• [WORK ORDER]:
Would you restate, word for word, only the lines starting at the one with "Set de canapele" and ending with the final line of the entries below? Pictures stay out.

• [DATA UNDER STUDY]:
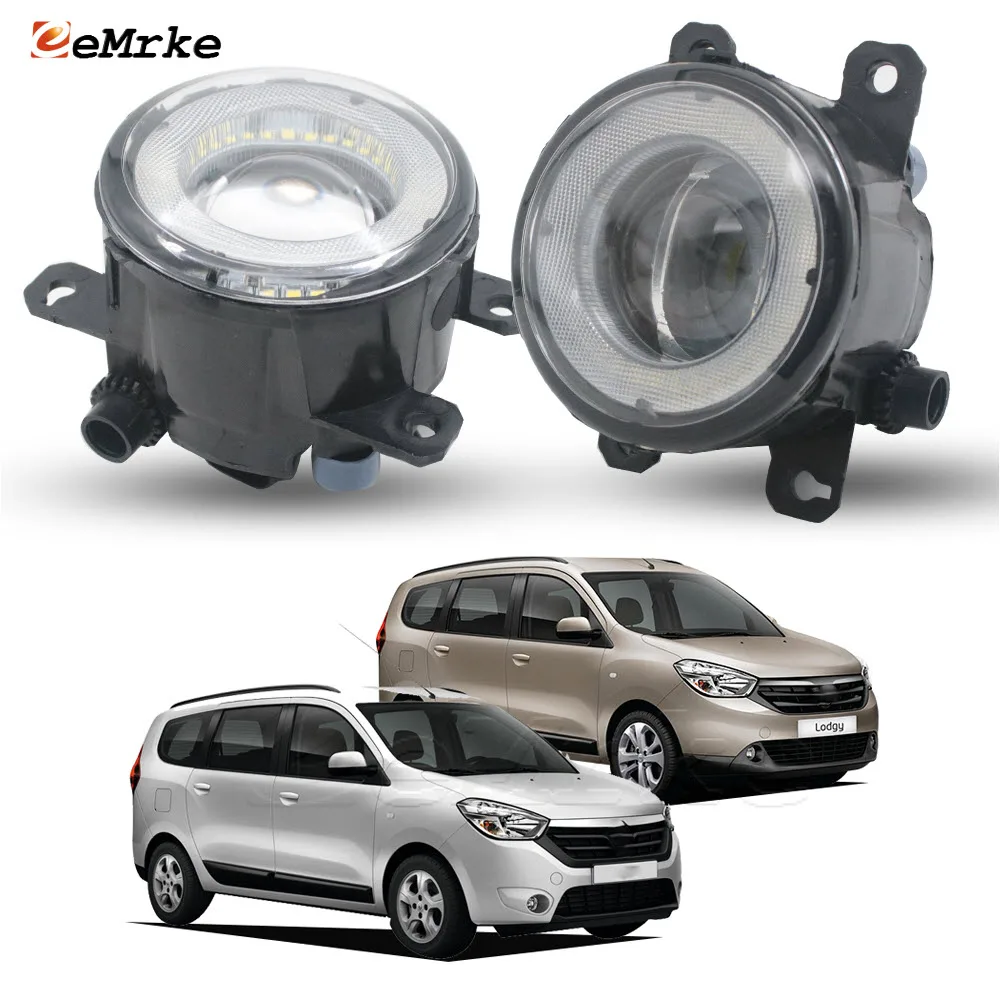 LED Car Fog Lights with Glass Lens for Dacia / Renault Lodgy /Lodgy Stepway JS 2012-2022 Angel Eyes DRL PTF Daytime Running Lamp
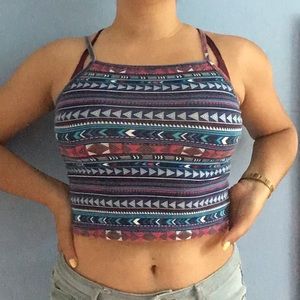 Blue Purple Pattern Crop Top
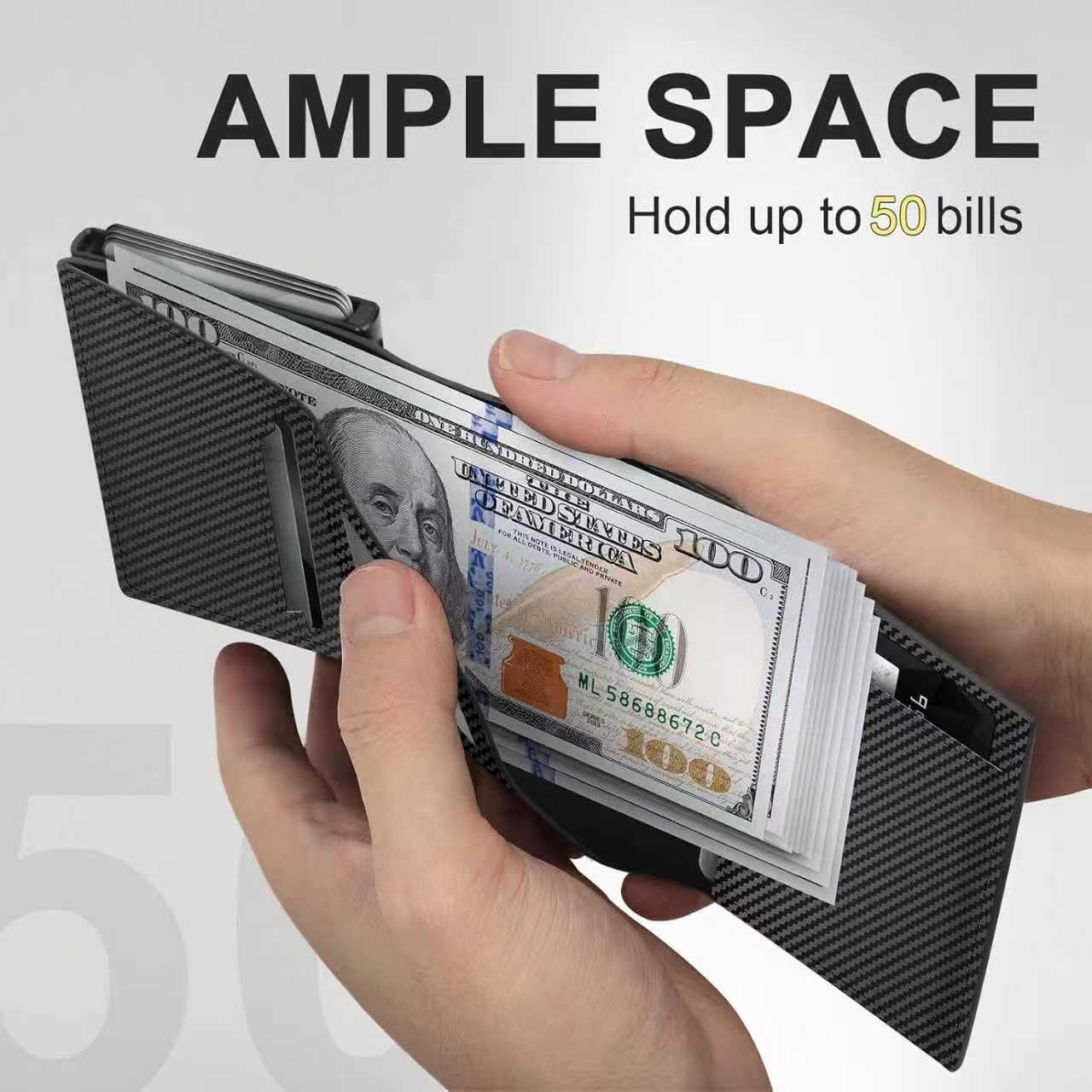 Mens Wallet Card Holder, Mens Minimalist Wallet 6-10 Cards, Slim Compact Wallet with Money Clip & ID Window, RFID Blocking Smart Pop Up Card Wallet, Metal Aluminum Credit Card Holder Bifold Wallet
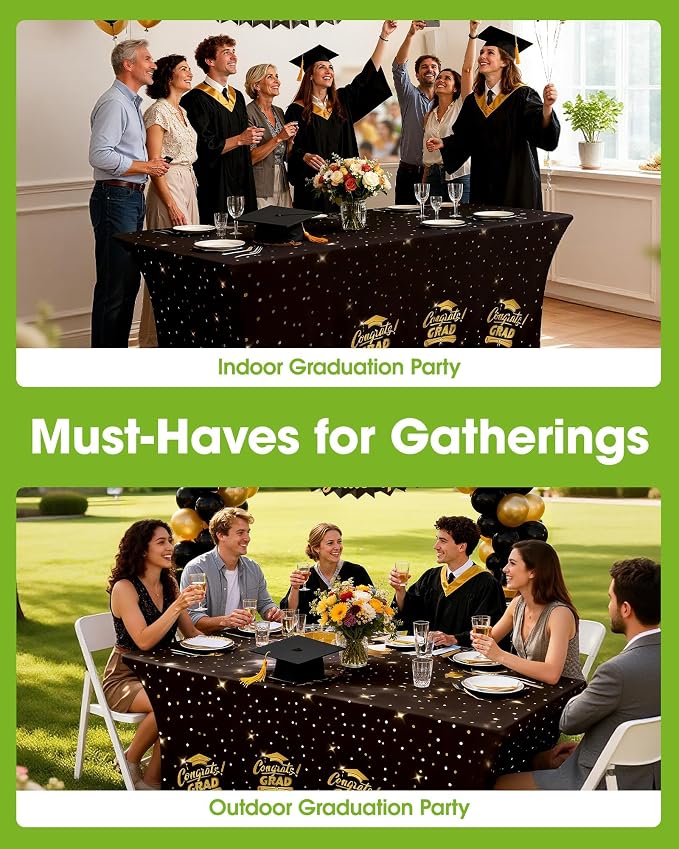 Pureegg Graduation Decorations 2026 Spandex Tablecloth 6ft - 2 Pack, Class of 2026 Black Fitted Stretch Rectangle Table Cover, Wrinkle-Free Tight Tablecloth for Graduation Party, Banquet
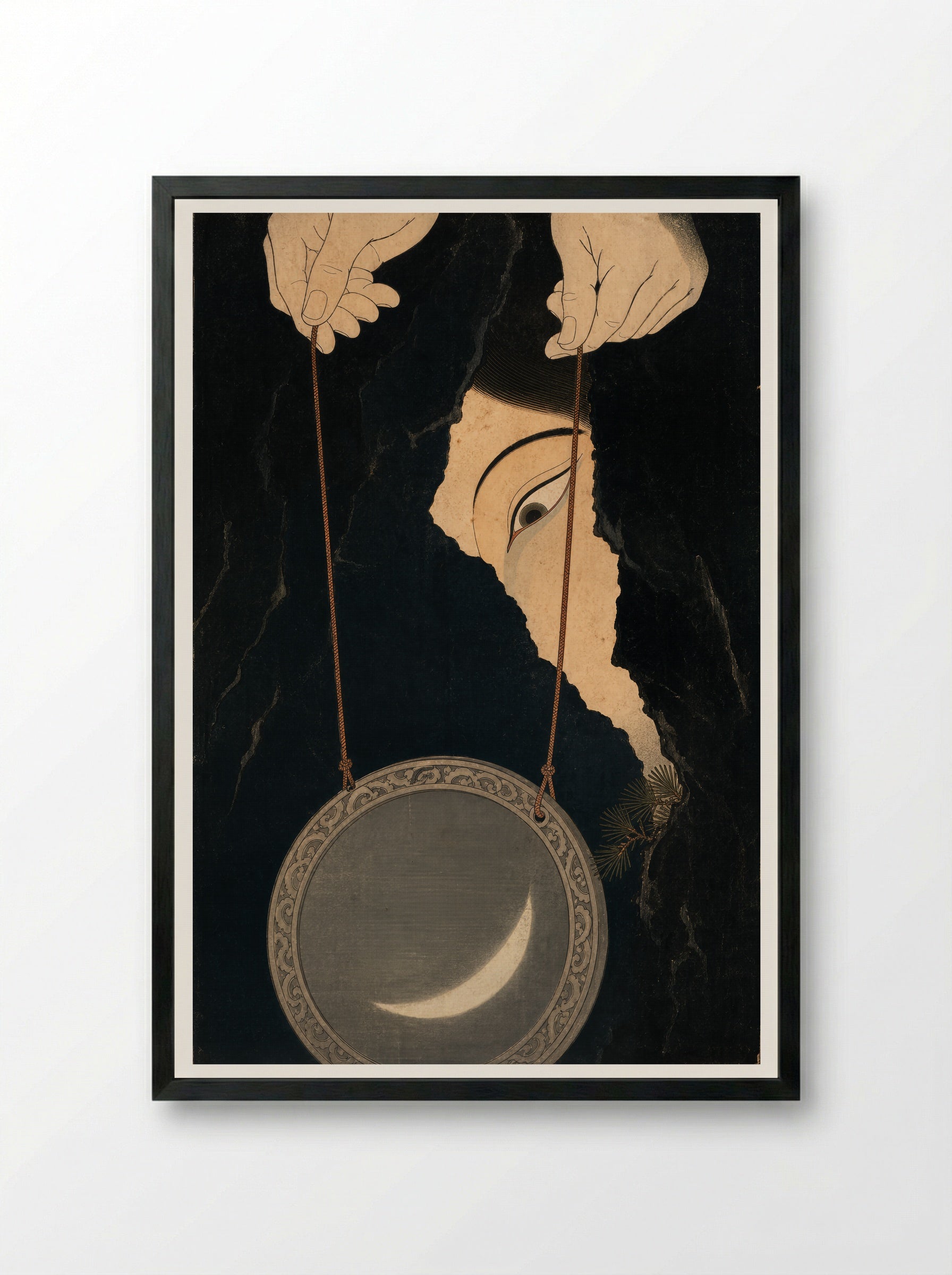 Amaterasu and the Rock-Cave: The Mirror at the Cave - Framed Print Black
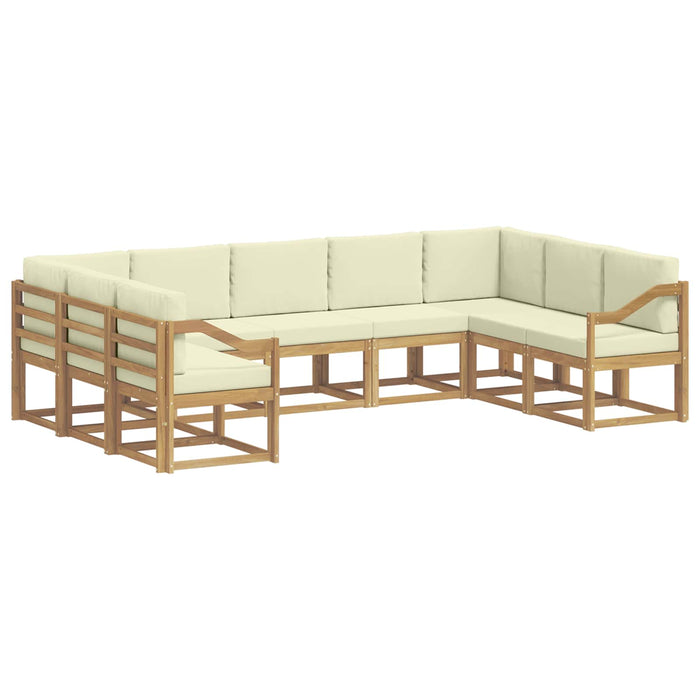 Set de canapele de exterior cu pernă 9 pcs Alb și crem WALTI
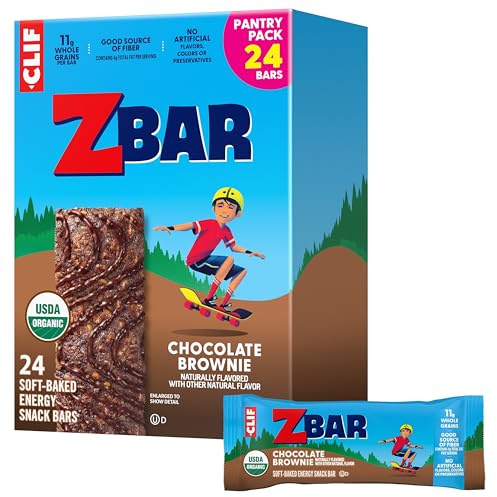 Zbar - Chocolate Brownie - Soft-Baked Energy Snack Bars - Non-GMO - 11g Whole Grains - USDA Organic Granola Bars (24 Pack)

• [ANSWER]:
 Set de canapele de exterior cu pernă 9 pcs Alb și crem WALTI
 Zbar - Chocolate Brownie - Soft-Baked Energy Snack Bars - Non-GMO - 11g Whole Grains - USDA Organic Granola Bars (24 Pack)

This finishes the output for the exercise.